Of course, autumn holds other, less superficial assets. The opportunity to slow down and indulge in home comforts, offers many a chance for realignment and reflection. As writer Aswan Magumbe wrote in a recent Substack ode to the season:
“...we have grown to detest when things start to decay, when a ship has sailed, resentment when a moment has passed. Perhaps this is the time, a toe dip in the water before that icy winter air smacks sensitive skin, where we fully grapple with what the year has had to offer us.”
But where autumn offers a ‘toe dip’, winter forces you to take the plunge. It ‘smacks’ where Autumn would caress. You’d never catch Winter sipping on a chai and skipping through fallen leaves. Instead, she’s wrapped in fur, boots laced, brow furrowed defiantly in spite of the cold, tapping her foot at the bus stop; a black coffee in one hand and a Marlboro Red in the other, watching her hot, ashy breath swirl up into the cold air as she awaits her frozen chariot. But what Winter lacks in zeal she makes up for in artistic potential.
The long stretch between New Year’s and Valentine’s is one many dread. But even as a young person, the post-Holiday Blue Period was always something I looked forward to because, to me, it was an excuse to stay in my room all day reading, listening to music and watching movies on my laptop. Although the shiny new hardback or latest cinema release was exciting, winter seemed to offer the perfect opportunity to “catch up” on the centuries of human creativity before me.

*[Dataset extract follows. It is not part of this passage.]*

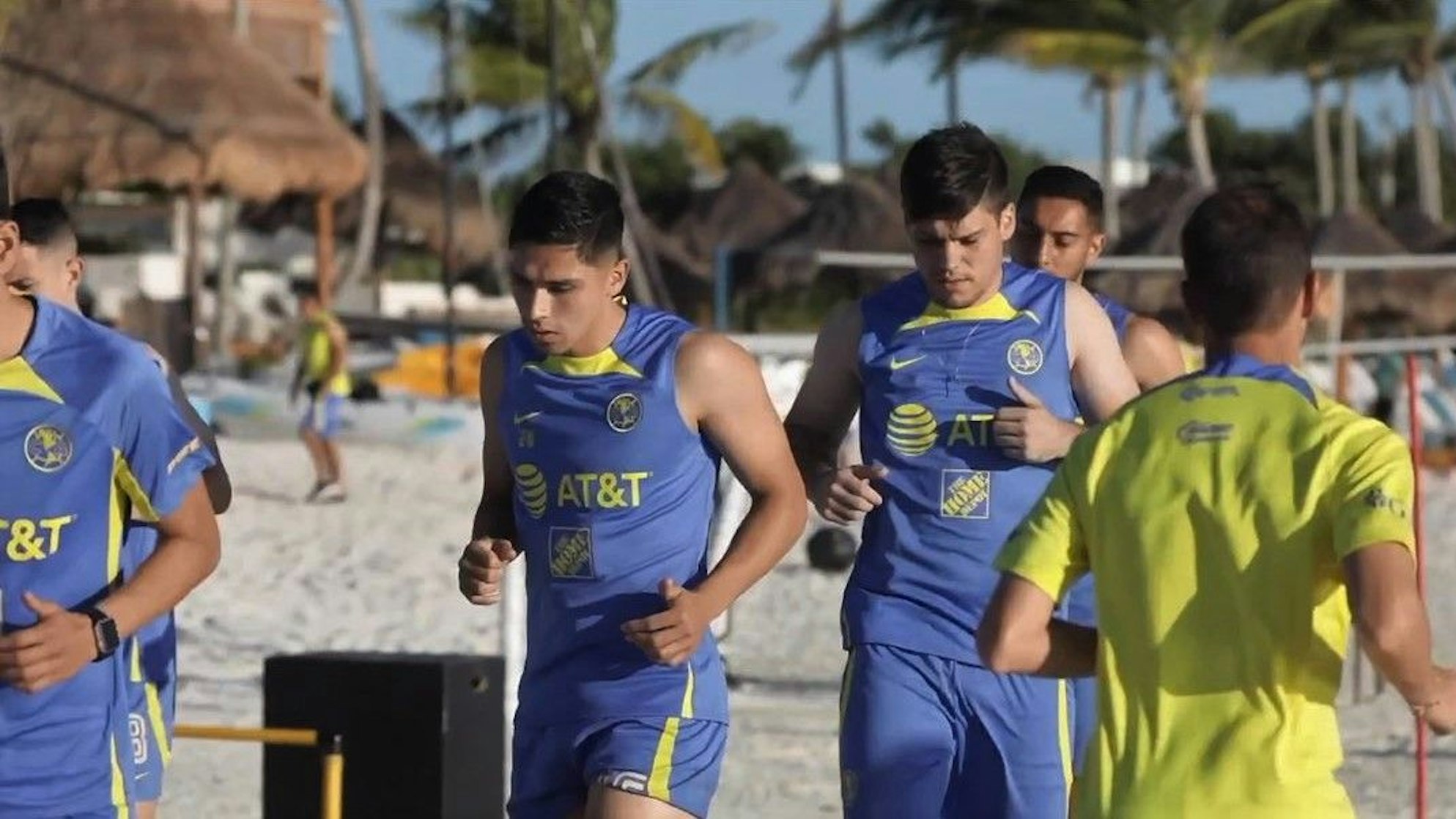 Im Trainingslager von Club América in Mexiko läuft Jorge Meré bei einer Einheit am Strand.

Conversely, an episode of The New Yorker’s ‘Critics at Large’ podcast branded summer as the ‘Season for Obsessions’; a transitory period ripe with nostalgia and lethargy ideal for going down the cultural rabbit hole. But this all seems too easy. You don’t have to work to have great encounters with art in the summer. In the hot sun, anything can be soaked with meaning. The hours stretch out before you, your days are filled with lounging and drinking, and everything takes on a sexy hue. Winter is rougher, harsher; the bitter conditions that force us to retreat indoors are the same conditions that necessitate the introspection necessary to creative metamorphosis.
There was one winter in particular, the final year before I went to university, that felt particularly significant. As the so-called ‘Beast from the East’ left the north of England covered in a thick white blanket, in between half-hearted attempts to walk the dog and eagerly listening to radio announcements, hoping to hear that school was closed, I dove into a whole host of new and lasting artistic encounters. It was the season I first listened to many artists that are now standard parts of my listening activity - Jeff Buckley, Sufjan Stevens, Fiona Apple - read Anna Karenina, and ripped through books on the Vatican and Renaissance masters following an earlier trip to Rome. A whole smorgasbord awaited me and I was insatiable.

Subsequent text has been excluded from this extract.